An exact copy is needed of the lines in the entries below from the line with "Used 2021 Toyota Camry LE image 21" up to and including the line with "Gold cubic zirconia", and of nothing else. Leave the pictures out.

> **Excerpted records**
* * *

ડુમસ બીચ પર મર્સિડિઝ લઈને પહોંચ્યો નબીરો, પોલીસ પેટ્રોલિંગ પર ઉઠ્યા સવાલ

* * *

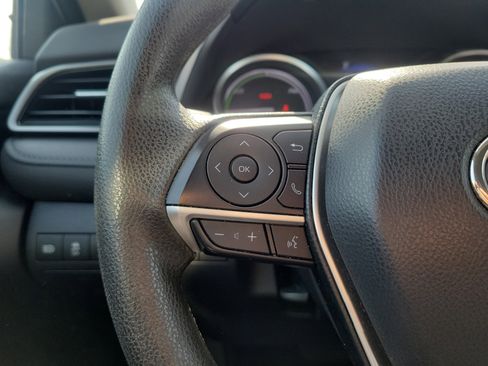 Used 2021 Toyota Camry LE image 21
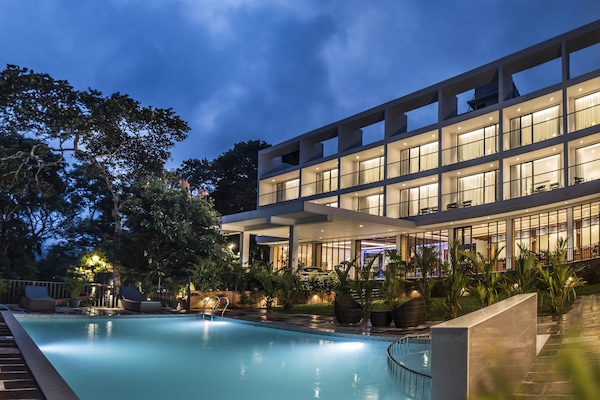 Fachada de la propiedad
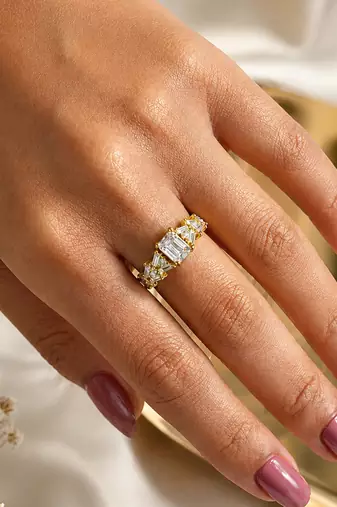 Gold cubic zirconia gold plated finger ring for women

* * *

> **Reply to the exercise**
 Used 2021 Toyota Camry LE image 21
 Fachada de la propiedad
 Gold cubic zirconia gold plated finger ring for women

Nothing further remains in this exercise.